• About this task: When the line containing "Maxbell Electric Hot" is found in the data below, give it again along with every later line, exactly; drop the pictures.

• Input for this task:
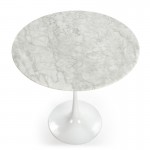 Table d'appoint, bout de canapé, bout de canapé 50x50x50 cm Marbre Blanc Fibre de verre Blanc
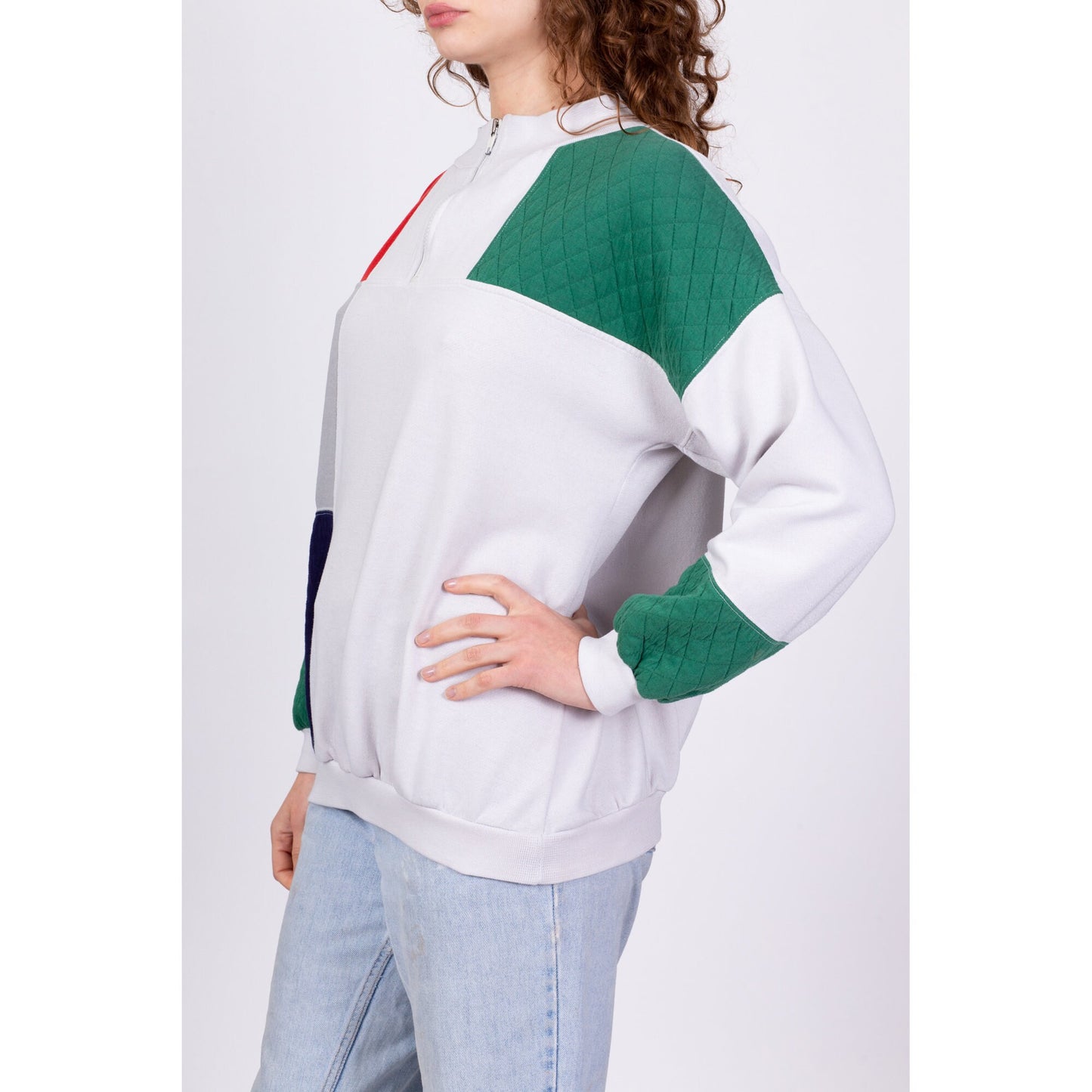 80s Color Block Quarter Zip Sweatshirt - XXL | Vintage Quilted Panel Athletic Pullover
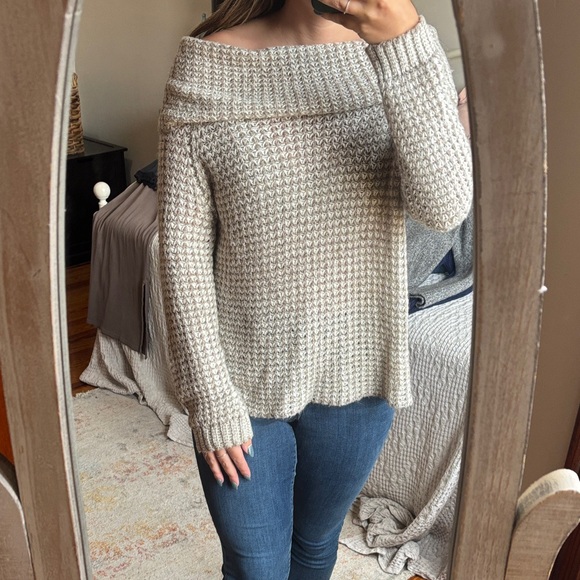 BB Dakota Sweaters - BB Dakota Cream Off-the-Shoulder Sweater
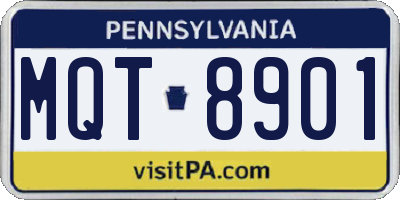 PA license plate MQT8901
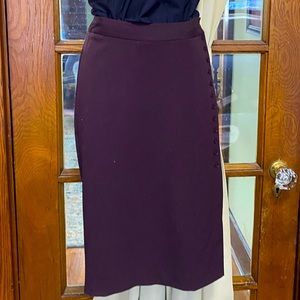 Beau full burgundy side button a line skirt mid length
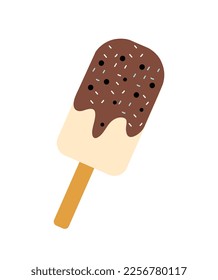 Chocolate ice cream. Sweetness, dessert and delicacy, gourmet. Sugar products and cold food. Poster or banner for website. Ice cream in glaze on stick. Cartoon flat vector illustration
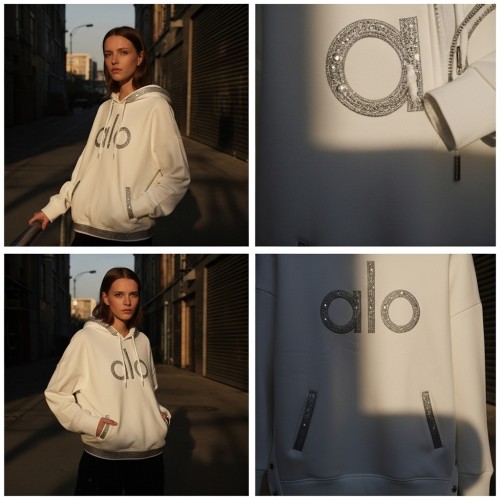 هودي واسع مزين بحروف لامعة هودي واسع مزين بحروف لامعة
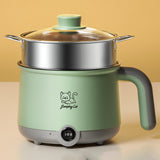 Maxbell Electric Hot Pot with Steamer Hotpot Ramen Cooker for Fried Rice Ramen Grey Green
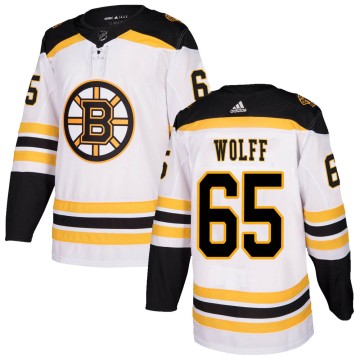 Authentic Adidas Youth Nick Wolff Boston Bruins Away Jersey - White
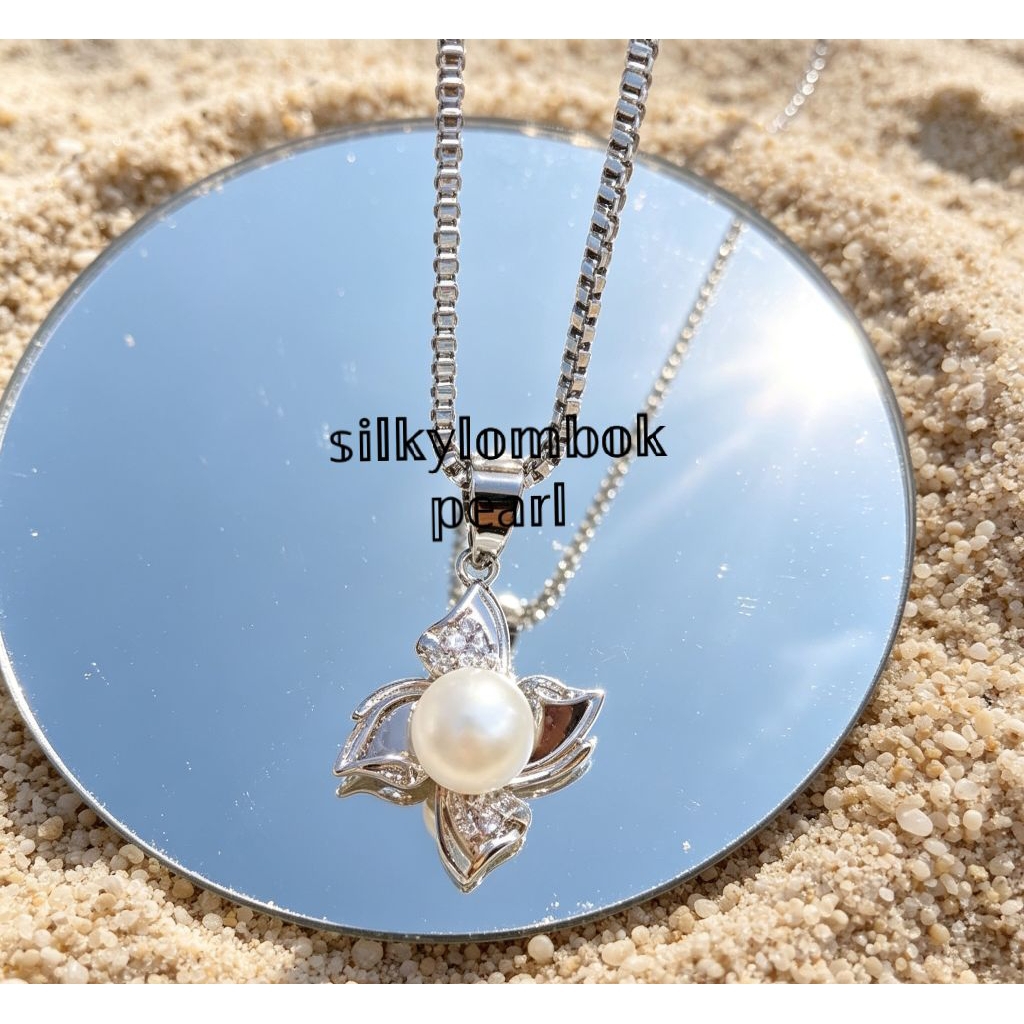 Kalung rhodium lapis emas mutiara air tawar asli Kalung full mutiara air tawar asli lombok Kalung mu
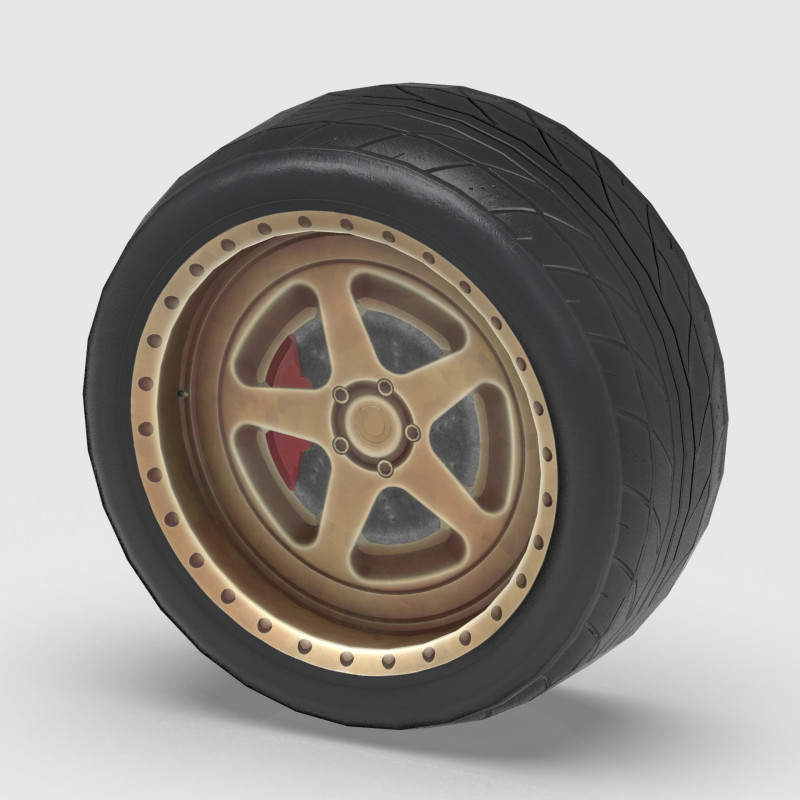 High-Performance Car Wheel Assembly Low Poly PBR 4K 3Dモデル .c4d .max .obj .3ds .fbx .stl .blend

• Reply:
 Maxbell Electric Hot Pot with Steamer Hotpot Ramen Cooker for Fried Rice Ramen Grey Green
 Authentic Adidas Youth Nick Wolff Boston Bruins Away Jersey - White
 Kalung rhodium lapis emas mutiara air tawar asli Kalung full mutiara air tawar asli lombok Kalung mu
 High-Performance Car Wheel Assembly Low Poly PBR 4K 3Dモデル .c4d .max .obj .3ds .fbx .stl .blend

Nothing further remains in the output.